# Pay for Spanish Wedding now?



## NickyK (22 Jun 2012)

Hi,

I don't know/understand a lot about the situation regarding the Euro crisis. 

I'm due to get married in Spain this August. We took out a loan of €22000 and have been paying deposits as required. We still have approx €18000 left. Listening to the radio it seems a punt of some form may be on the way very shortly. 

I can pay for the wedding now but was waiting (I don't know why) until the last minute. Because of the situation with the euro and because I'll be paying a Spanish hotel/vendors should I pay it now? The wedding will be paid for either way but should I do it asap?

Thanks in advance,

Nicky


----------



## GDUFFY (22 Jun 2012)

Thats a sticky situation , Maybe Escrow 

http://en.wikipedia.org/wiki/Escrow


----------



## Brendan Burgess (22 Jun 2012)

I would be slow to pay for any overseas service in advance. If the euro collapses, it's just impossible to know what will happen.

If the euro collapses before you pay, you will be better off if the punt devalues by less than the peseta. Obviously, you will be worse off if the punt devalues by more. 

I think that the credit risk probably outweighs the currency risk, unless you can pay by Credit Card where the payment is guaranteed.


----------



## NickyK (22 Jun 2012)

Thanks for the replies.

My credit card limit is €12500. How would this be guaranteed? Could I credit my credit card with the loan money and then pay for it? I'm not worried about losing the money as the hotel is one of the biggest on the Costa del Sol. We have a wedding planner who works for the hotel and everything is paid through her. She has worked for the hotel for years and I don't doubt her reliability.
I'm more worried that if I don't pay it I will end up paying the equivalent of €30000 in the future.


----------



## Brendan Burgess (22 Jun 2012)

> My credit card limit is €12500. How would this be guaranteed?
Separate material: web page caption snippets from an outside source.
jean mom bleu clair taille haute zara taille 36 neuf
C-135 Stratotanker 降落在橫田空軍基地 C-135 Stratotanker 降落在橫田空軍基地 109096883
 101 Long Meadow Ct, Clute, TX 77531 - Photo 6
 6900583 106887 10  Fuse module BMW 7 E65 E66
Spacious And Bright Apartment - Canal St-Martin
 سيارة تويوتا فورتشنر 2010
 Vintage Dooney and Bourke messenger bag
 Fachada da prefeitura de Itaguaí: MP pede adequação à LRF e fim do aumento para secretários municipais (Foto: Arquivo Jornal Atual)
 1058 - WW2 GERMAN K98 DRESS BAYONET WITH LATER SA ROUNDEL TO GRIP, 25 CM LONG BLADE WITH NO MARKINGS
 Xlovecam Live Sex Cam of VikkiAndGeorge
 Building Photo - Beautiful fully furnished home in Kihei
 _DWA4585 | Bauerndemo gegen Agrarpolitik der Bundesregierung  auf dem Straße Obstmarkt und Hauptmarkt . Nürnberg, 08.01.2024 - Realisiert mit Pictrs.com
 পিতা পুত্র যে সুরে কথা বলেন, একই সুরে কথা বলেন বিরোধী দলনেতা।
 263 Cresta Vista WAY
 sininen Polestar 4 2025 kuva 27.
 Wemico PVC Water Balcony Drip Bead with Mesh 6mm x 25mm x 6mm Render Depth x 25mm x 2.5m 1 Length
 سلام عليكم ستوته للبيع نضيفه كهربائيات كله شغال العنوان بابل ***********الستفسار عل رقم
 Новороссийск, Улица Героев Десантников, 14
If you pay for a service by credit card and it is not delievered e.g. because the provider goes into liquidation, the Credit Card company refunds the money. 


> Could I credit my credit card with the loan money and then pay for it?



I don't see why not.


----------



## Sandals (23 Jun 2012)

NickyK said:


> Could I credit my credit card with the loan money and then pay for it?



Did this before and received a phone call (either from BOI or MBNA) that this could be seen as money laundering. Was told to get credit limit increased if needed.


----------



## NickyK (24 Jun 2012)

I will talk to the wedding planner on Monday. Are there any specific questions I should be asking her?


----------